[Dataset entries]
════════════════

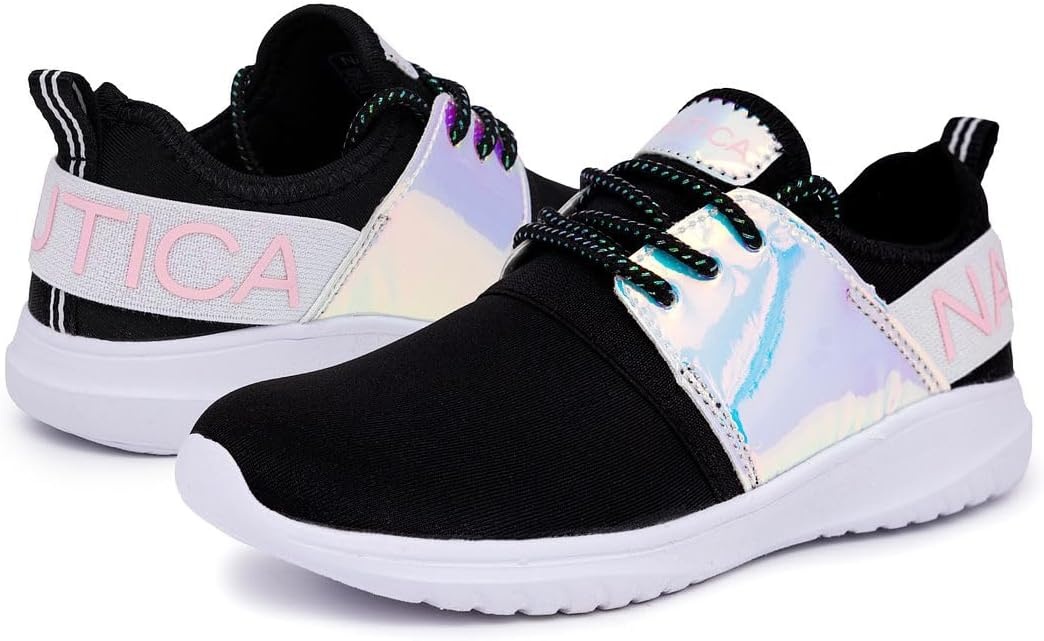 image:imageNautica Kids Girls Metallic Fashion Sneaker LaceUp Athletic Running Shoe I kappil I Big Kid Little Kid ToddlerIridescent Black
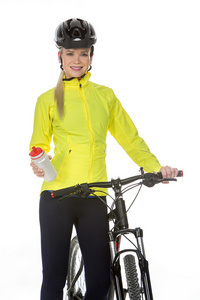 女人与自行车和体育烧瓶图片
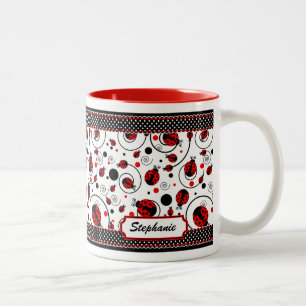 Cute Ladybugs Polka dots och Swirls Namn Coffee M. Två-Tonad Mugg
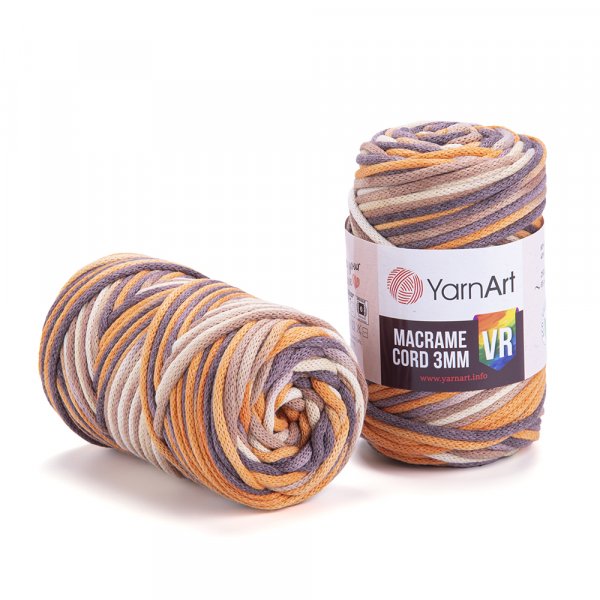 YarnArt Macrame Cord VR 3mm 927 hnědo-oranžová
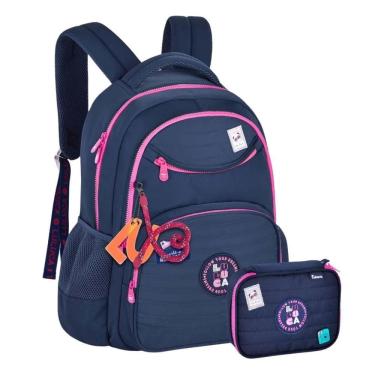 Imagem de Kit Mochila Costas Luluca Escolar Passeio Estojo 100 - Azul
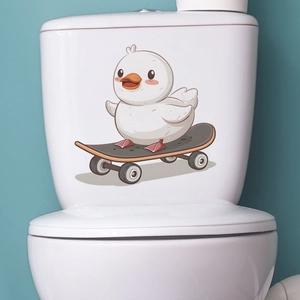 Autocollant canard mignon sur skateboard pour chambre d'enfant et décor de toilettes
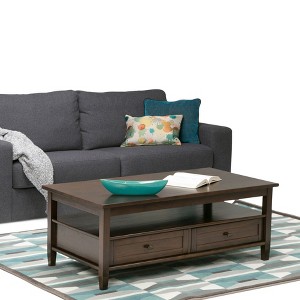 PAGED Vintage Style 2-Tier Wooden Coffee Table with Storage Shelf & Drawers,Mid-Century Cocktail Table Center Table for Living Room - 1 of 4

════════════════

Action item:
Give again, word for word, only the lines that run from the top of the data above through the line with "YarnArt Macrame Cord". Drop the pictures.

Final answer:
 image:imageNautica Kids Girls Metallic Fashion Sneaker LaceUp Athletic Running Shoe I kappil I Big Kid Little Kid ToddlerIridescent Black
 女人与自行车和体育烧瓶图片
 Cute Ladybugs Polka dots och Swirls Namn Coffee M. Två-Tonad Mugg
 YarnArt Macrame Cord VR 3mm 927 hnědo-oranžová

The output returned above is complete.